# Data records
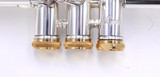 Pre-Owned Stomvi VR II Lightweight Trumpet in Silver Plate 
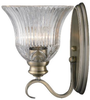 6005-1W AB Sconces-Single Glass - 376442 - Capital Lighting, Inc.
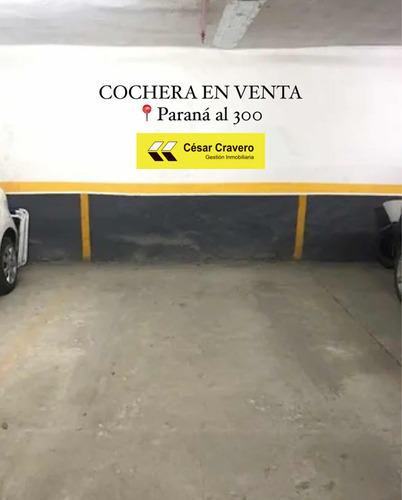 Cochera En Venta - Paraná Al 300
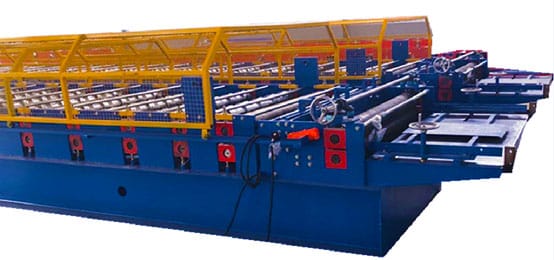 Metal IBR tile making machine: roll forming and cutting line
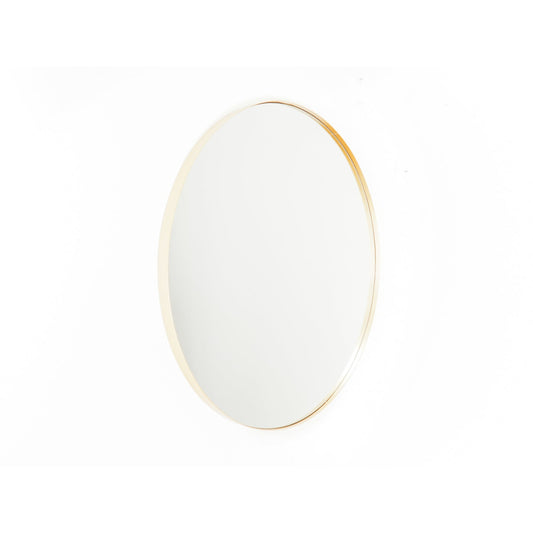 HOUSEVITAMIN - Ronde spiegel - Goud - ⌀ 60 cm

# WHAT YOU HAVE TO DO
Once the line containing "Metal IBR tile" is found, write out exactly that line and each line after it through the end of the entries, omitting pictures.

# TASK ANSWER
 Metal IBR tile making machine: roll forming and cutting line
 HOUSEVITAMIN - Ronde spiegel - Goud - ⌀ 60 cm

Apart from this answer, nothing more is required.